RECORDS SHOWN: Begin

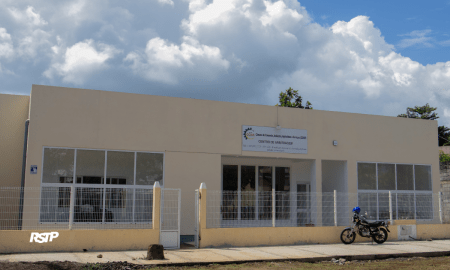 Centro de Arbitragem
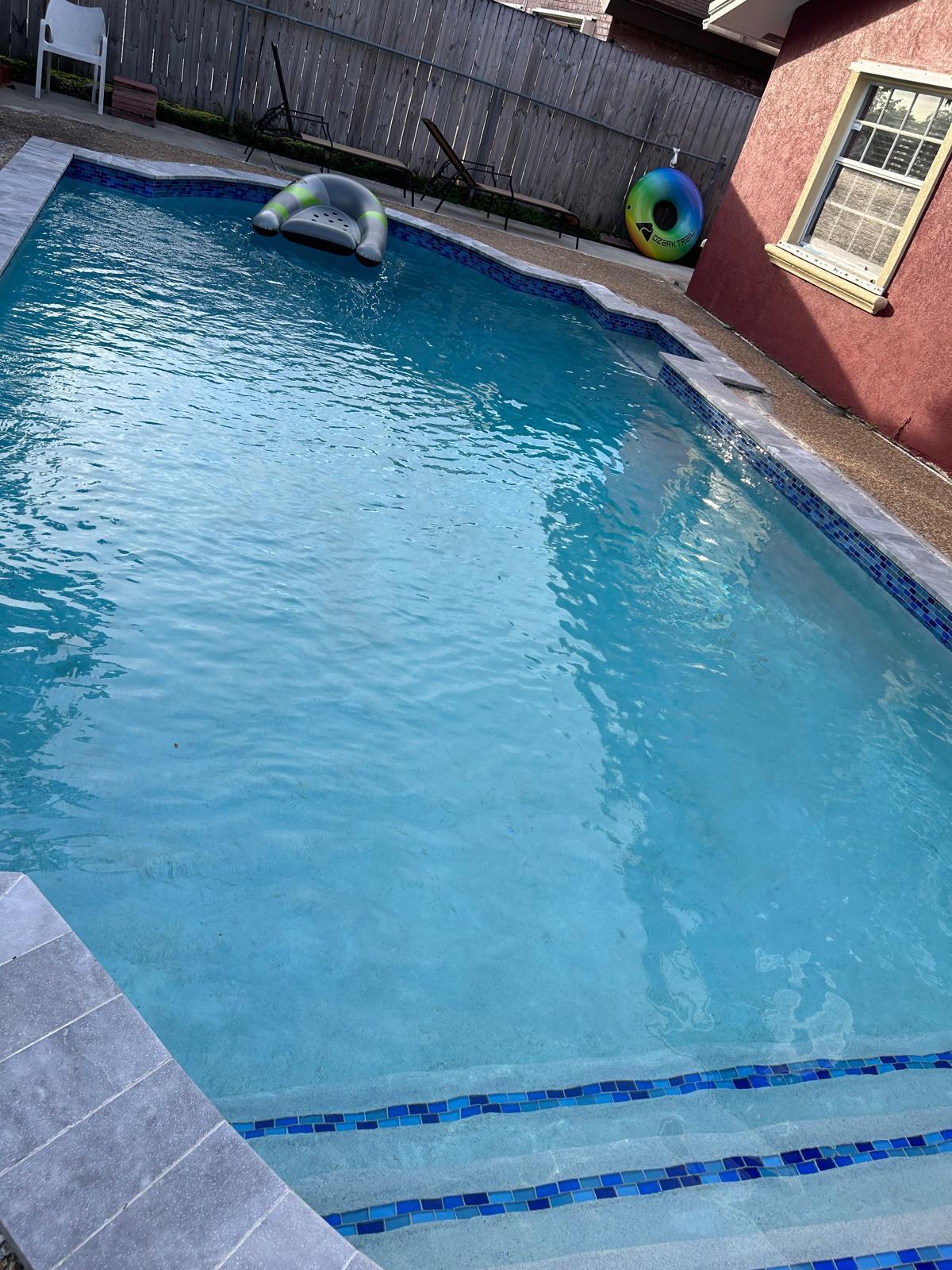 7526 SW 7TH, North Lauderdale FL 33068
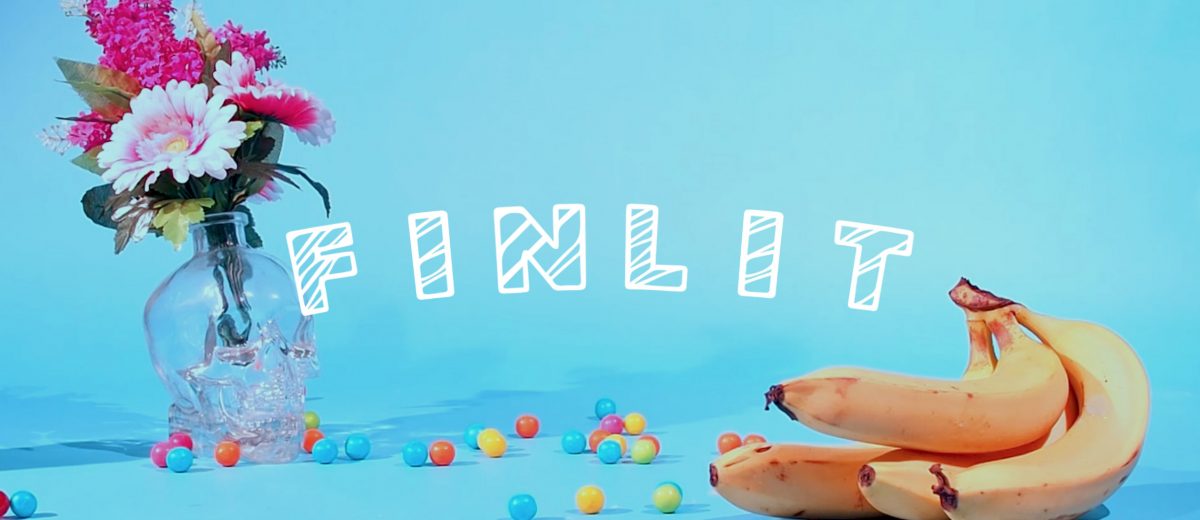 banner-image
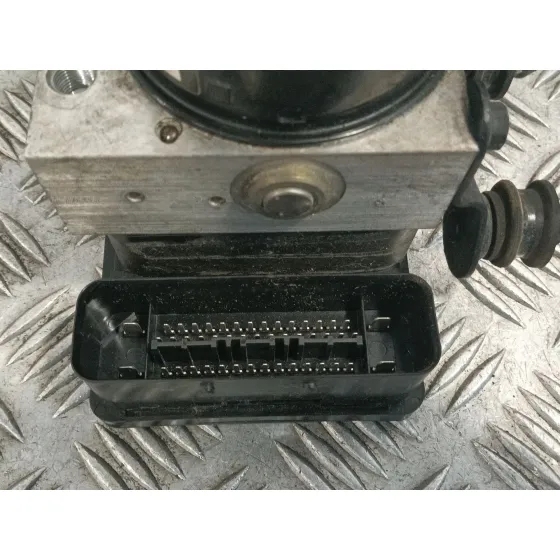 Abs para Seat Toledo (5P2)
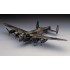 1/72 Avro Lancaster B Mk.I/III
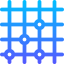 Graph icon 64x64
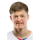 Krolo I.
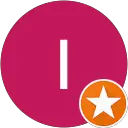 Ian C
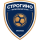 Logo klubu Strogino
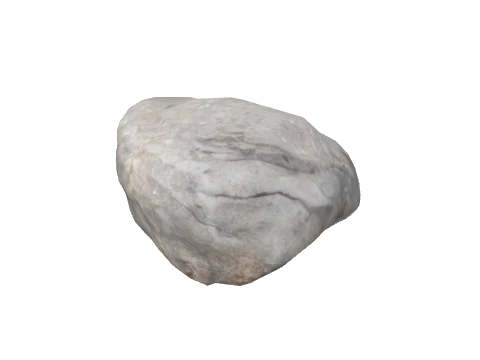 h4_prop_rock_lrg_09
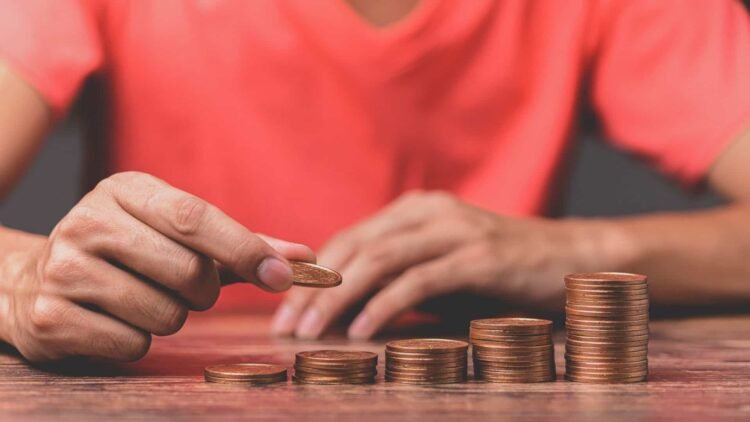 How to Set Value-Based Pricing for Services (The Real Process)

RECORDS SHOWN: End

# GOAL OF THE EXERCISE:
Quote verbatim every line starting at the line that contains "banner-image" and ending with the last line of the records; omit all pictures.

# TASK RESPONSE:
 banner-image
 Abs para Seat Toledo (5P2)
 1/72 Avro Lancaster B Mk.I/III
 Graph icon 64x64
 Krolo I.
 Ian C
 Logo klubu Strogino
 h4_prop_rock_lrg_09
 How to Set Value-Based Pricing for Services (The Real Process)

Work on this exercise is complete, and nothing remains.